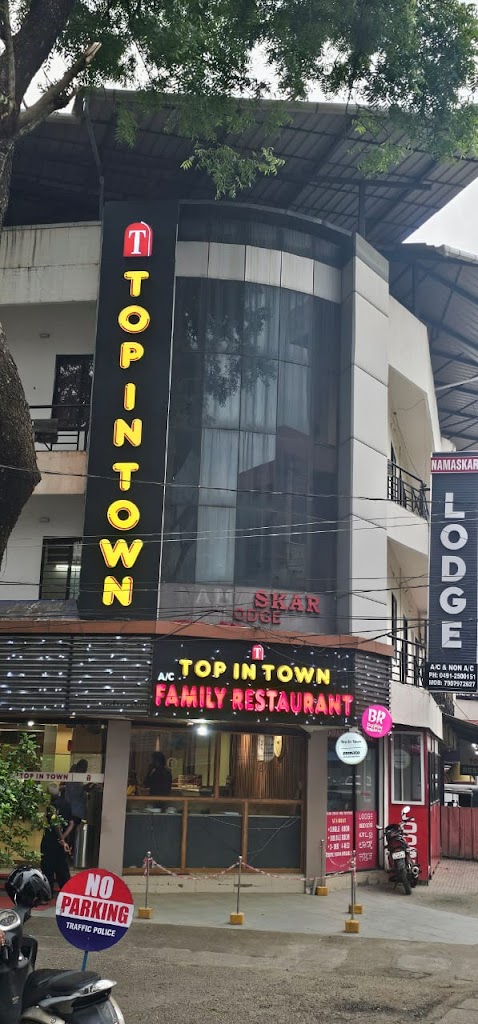 Family Restaurant By Top In Town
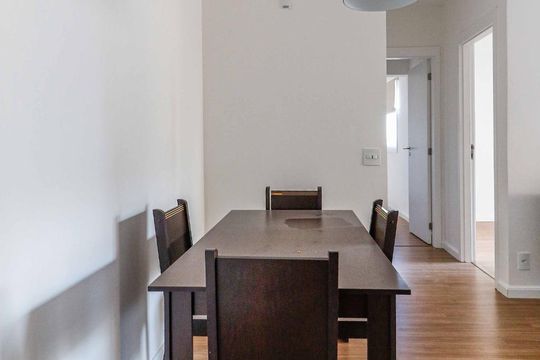 Sala de apartamento para alugar com 2 quartos, 74m² em Vila Gertrudes, São Paulo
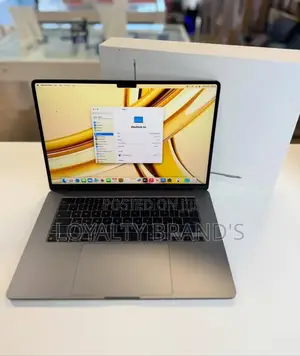 Apple MacBook Air 2024 M3 15-inch 512GB SSD, 24GB RAM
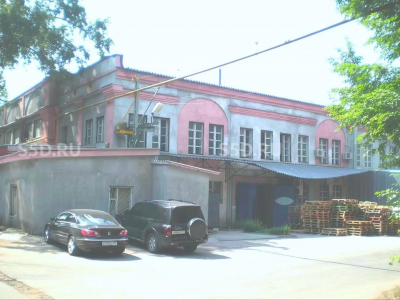 улица Свободы, 35с16 - 5000 м² - Аренда / ОСЗ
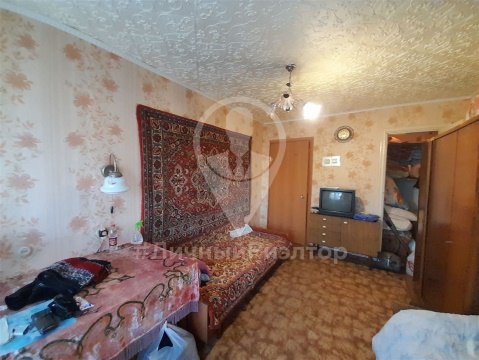 2-к квартира, 5/5 эт., 46м²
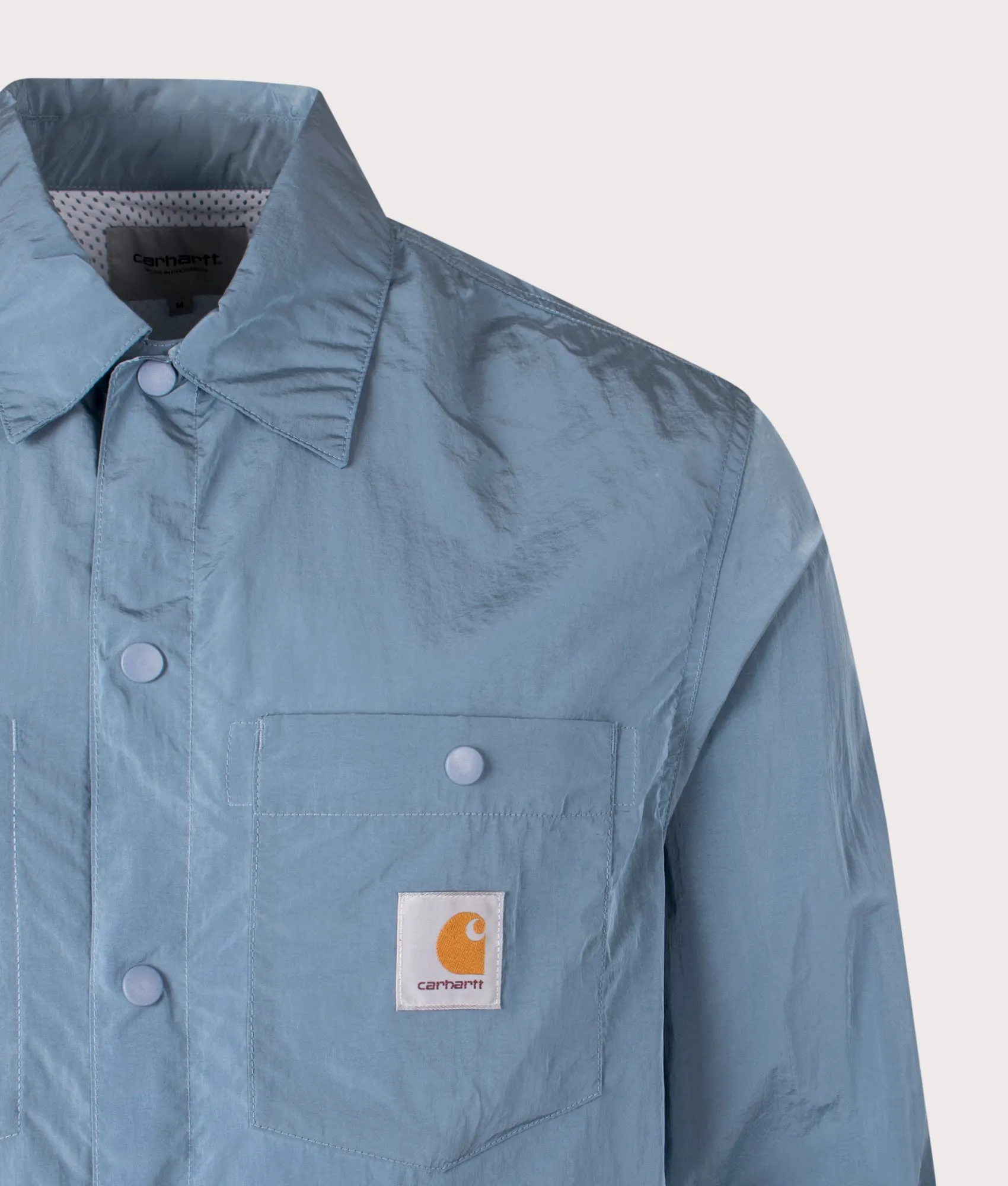 Canby Overshirt sold by EQVVS product image thumbnail 2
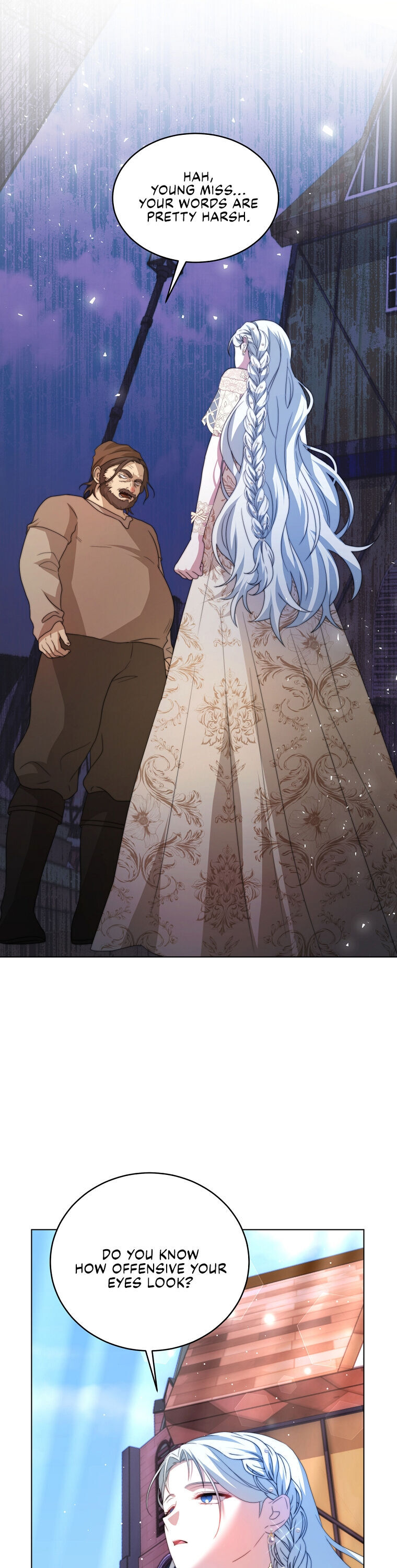 Read I Have Become The Hero’s Rival Manga Online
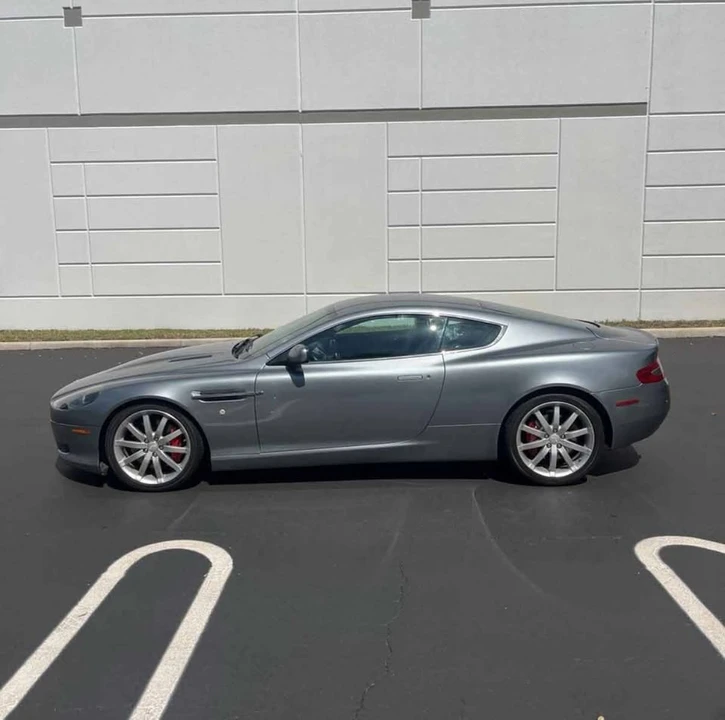 2005 Aston Martin DB9 - Image 4 of 8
# # #
- [Required work] Transcribe exactly the lines that go from the one holding "Read I Have" through the last line of the entries, both included, and nothing besides them. Do not include any pictures.

- [Result]
 Read I Have Become The Hero’s Rival Manga Online
 2005 Aston Martin DB9 - Image 4 of 8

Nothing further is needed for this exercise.